Few-shot learning improved
Medical imaging with limited labels
Robotics perception

Speech

Wav2Vec enables:

Low-resource language ASR
Accent robustness
Multilingual transfer

Implementation

Using Pre-trained Models

from transformers import AutoModel, AutoTokenizer

# Self-supervised pre-trained model
model = AutoModel.from_pretrained('bert-base-uncased')
tokenizer = AutoTokenizer.from_pretrained('bert-base-uncased')

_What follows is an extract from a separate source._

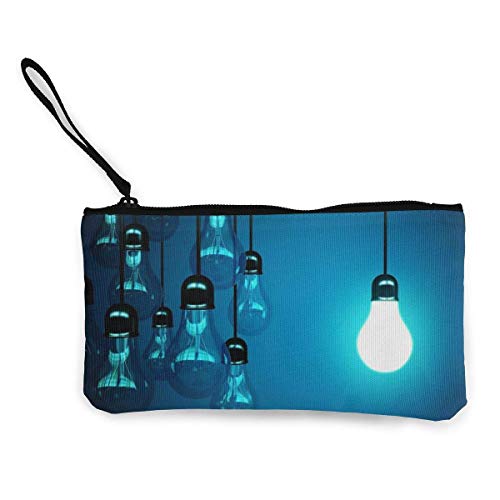 Preisvergleich Produktbild Lawenp Glühende Glühbirne Leinwand Geldbörse Geldbeutel ändern Reißverschluss Kleine Geldbörse Brieftaschen 4,5 x 8,5 Zoll mit Reißverschluss Brieftasche Karte Schlüsseletui für Frauen Männer, Geldbö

# Get embeddings for downstream use
inputs = tokenizer("Hello world", return_tensors="pt")
outputs = model(**inputs)
embeddings = outputs.last_hidden_state

Training Your Own (Simplified)

import torch.nn as nn

class SimpleCLR(nn.Module):
    def __init__(self, encoder):
        super().__init__()
        self.encoder = encoder
        self.projector = nn.Sequential(
            nn.Linear(2048, 512),
            nn.ReLU(),
            nn.Linear(512, 128)
        )
    
    def forward(self, x1, x2):
        z1 = self.projector(self.encoder(x1))
        z2 = self.projector(self.encoder(x2))
        return contrastive_loss(z1, z2)

Challenges

Compute Requirements

Self-supervised models need:

Massive datasets
Extensive compute
Careful hyperparameter tuning

Evaluation

How do you evaluate without labels?

Linear probe accuracy
Transfer learning performance
Downstream task benchmarks

Not a Silver Bullet

Still need labeled data for:

Domain-specific tasks
Safety-critical applications
Fine-grained distinctions

Final Thoughts

Self-supervised learning is how AI will learn from the world’s data. The labels were always there—in the structure of the data itself.

Watch this space. The future of AI isn’t labeled.

The best supervisor is the data itself.